El partido encargó a McGovern que trazara un plan para democratizar la forma de elección del candidato presidencial. Y éste apostó por las primarias. Y ganó él, claro, porque era el que mejor conocía su propio sistema. La cuestión es que en 1976, tras la dimisión de Nixon, por el caso Watergate, el Partido Republicano copió el sistema. Y lo aplicó ya en las inmediatas elecciones. Ganó Jimmy Carter frente a Ronald Reagan. Lo que apunta Senserrich es que, pese a las malas experiencias de los dos partidos, el modelo siguió adelante, con una consecuencia clara: se dejaron de filtrar los candidatos, aunque, después, el Partido Demócrata trató de desincentivar a los más arrojados, sin que, por ahora, se haya dado la elección de un demócrata de las características de Trump. “Curiosamente, ambos partidos tuvieron una primera experiencia atroz con las primarias, nominando a candidatos perdedores, pero ambos mantuvieron el sistema. A pesar de su corta historia y de la incapacidad para filtrar malos candidatos, cambiarlo ha sido imposible; otro de esos equilibrios ligeramente incomprensibles del sistema político americano”.
El libro traza un repaso histórico, constatando que, pese a tener una Constitución durante siglos, --desde 1787-- las interpretaciones han sido distintas, y sólo desde mediados de los años sesenta del siglo XX, con las leyes de derechos civiles –1965--, Estados Unidos puede considerarse realmente una democracia, porque, hasta ese momento, condenaba a una buena parte de sus ciudadanos al ostracismo: a la población negra de los estados del Sur se le negaba el voto de mil y una formas distintas.
La lección es que la polarización de la vida política llega desde arriba, porque interesa, porque se lanzan mensajes en función de cada grupo social, buscando activar un determinado voto. Y, en el caso de Estados Unidos, no hay un control por parte de estructuras partidistas, porque cada candidato –en todos los niveles, desde el local al presidencial—acaba fabricándose su propia campaña. No hay filtros. El modelo, extrañamente, se ha ido importando en Europa. En España se acogió como un sistema que iba a solucionar la democracia interna de los partidos. Pero eran más eficaces las largas noches de negociación en las convenciones –en España congresos—a la hora de consensuar candidatos.
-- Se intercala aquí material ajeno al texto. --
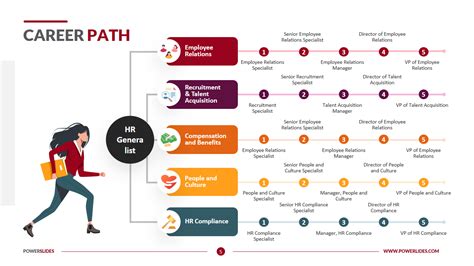 5 Tech Credit Union Career Paths To Explore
Senserrich busca el momento del inicio de la polarización. Son los sistemas los que, al no ponerse al día –el de Estados Unidos se cae a pedazos—acaban provocando esa polarización y la erosión de la democracia. La lucha descarnada por el poder –el maestro es Nixon, y su mejor alumno ahora ha sido Trump—hace el resto. El libro ‘americano’ de Roger Senserrich tiene otras muchas lecturas y en países distintos. Pero es también, y –principalmente—una enorme oportunidad para entender Estados Unidos, que sigue atrayendo todas las miradas.